Buyers who are lucky enough to shop for a home in a buyer's market are in the enviable position of being able to make a lowball offer. This tactic of making an offer under the asking price can sometimes result in big savings for the buyer and a faster sale for the seller, but it takes some careful thought to do it right.
Whether the market is hot, cold, or neutral, lowball offers can result in big savings to a buyer if they are presented and negotiated properly.
- A lowball offer is an offer below the list price.
- Buyers should keep in mind that lowball cash offers may not be able to compete with higher offers, even if those offers are financed.
- Compensate for the lowball offer by finding other ways to make your offer appealing, like shortening inspection periods or waiving contingencies.
- If the seller isn't likely to budge on price, consider asking for other concessions like closing cost credits.
Common Lowball Mistakes Buyers Make
To get started, let's look at what not to do when making a lowball offer. Don't be any of these buyers:
- Buyers who make a lowball offer because they can't afford to pay more: Don't tell the seller that your price is fair because that's how much the lender has qualified you to buy. Sellers don't care what you can or can't afford to buy. If you can't afford to buy the house, that's not the seller's problem; it's yours.
- Buyers who believe that paying cash entitles them to a lowball: Sorry, it's all cash to the seller in the end. Many buyers don't realize how the seller views it. If a property will appraise at the selling price and the buyer's credit is acceptable, a conventional loan transaction will close just the same as a cash deal.

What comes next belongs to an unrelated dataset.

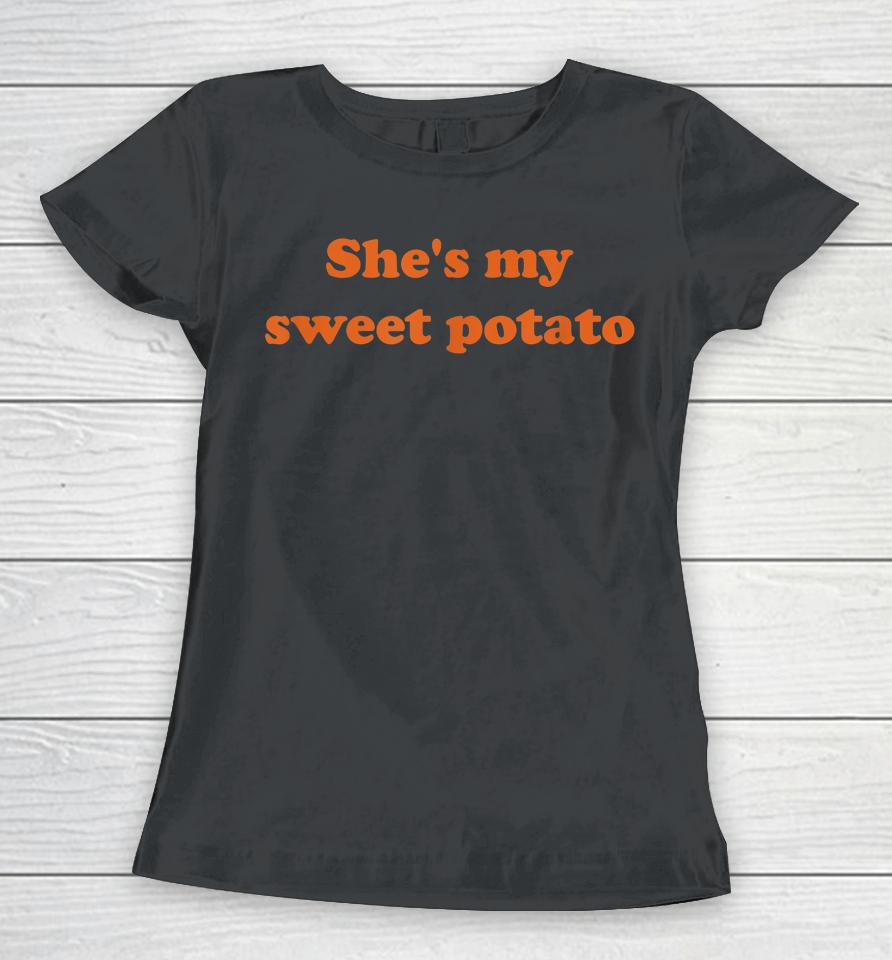 She's My Sweet Potato I Yam Women T-Shirt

- Buyers who walk away after a lowball offer: Some buyers get frustrated and walk away when the seller counters the offer at more than the buyer was prepared to pay. Maybe the counteroffer is at the list price, maybe less. Either way, it doesn't matter. The point is that the doors have been opened for negotiations.
While it's true that the possibility of a faster close with a cash offer might appeal to some sellers, there's no guarantee that they wouldn't rather take the higher offer and wait a few more weeks.
Winning Strategies for Lowball Offers
Losing strategies aside, there are some ways to make your lowball offer stand out. Here are just a few.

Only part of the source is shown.